_What the task asks_
Your output must be the lines below from the line containing "408 Oakhurst Street, Kernersville, NC" to the line containing "743 Hoke Ln", both lines included, reproduced exactly and without pictures.

_Records shown_

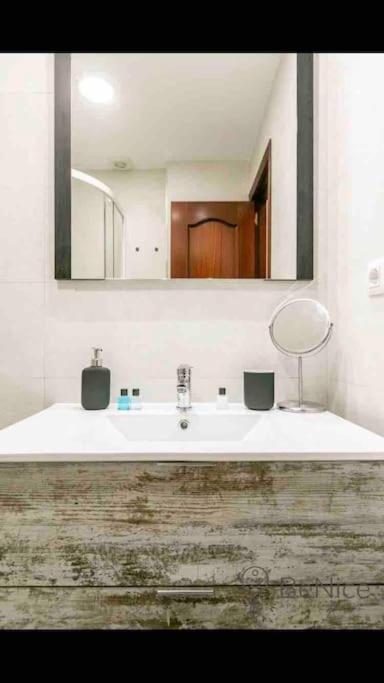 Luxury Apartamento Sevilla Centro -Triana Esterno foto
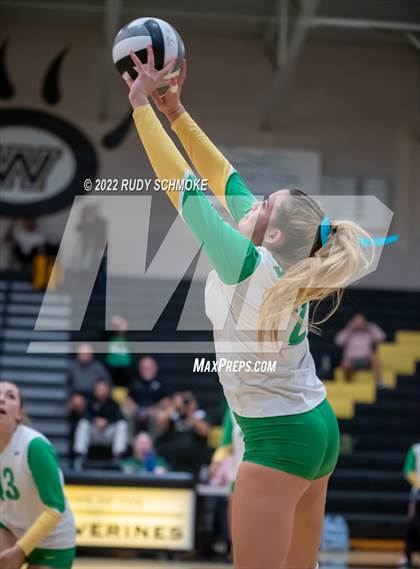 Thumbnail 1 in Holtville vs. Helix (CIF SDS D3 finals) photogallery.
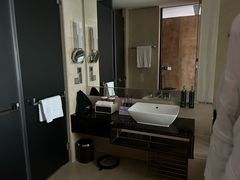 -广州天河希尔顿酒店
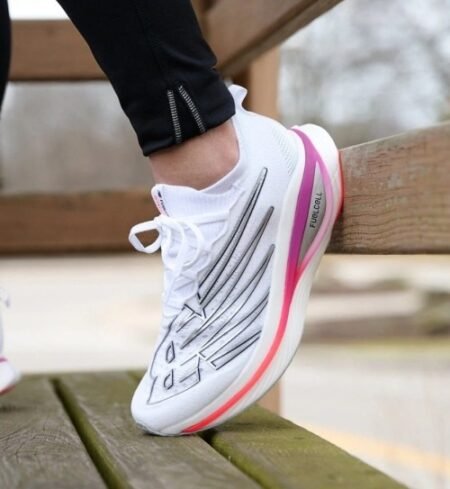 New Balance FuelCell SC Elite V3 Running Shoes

==

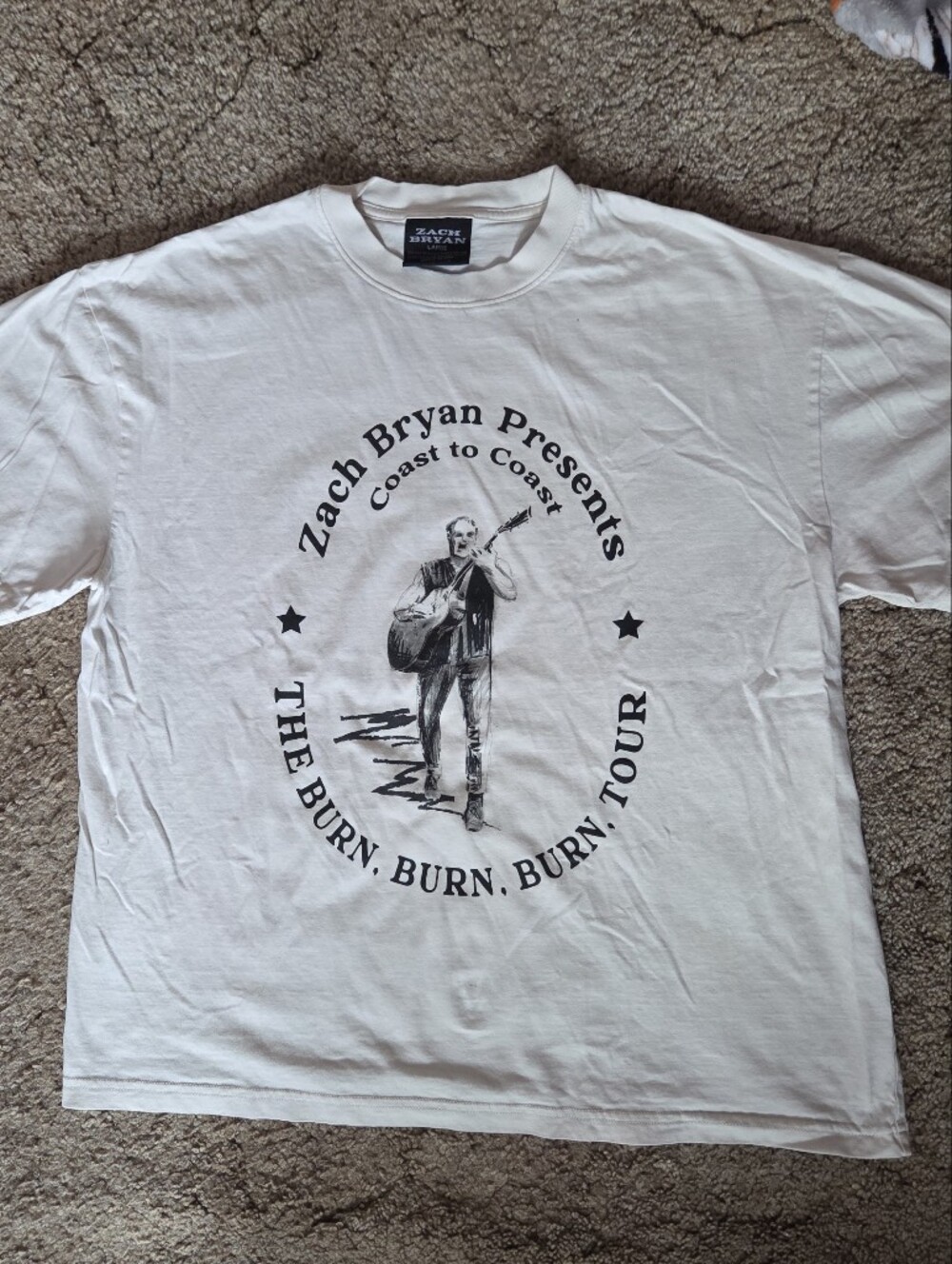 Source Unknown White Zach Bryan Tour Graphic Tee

---

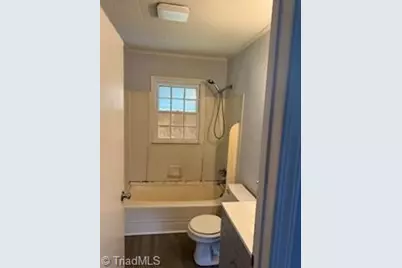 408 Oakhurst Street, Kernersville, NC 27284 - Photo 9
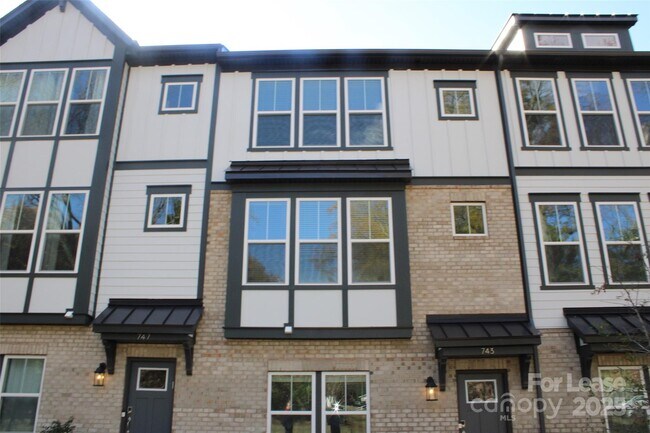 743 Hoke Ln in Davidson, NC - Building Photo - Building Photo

_Answer section_
 408 Oakhurst Street, Kernersville, NC 27284 - Photo 9
 743 Hoke Ln in Davidson, NC - Building Photo - Building Photo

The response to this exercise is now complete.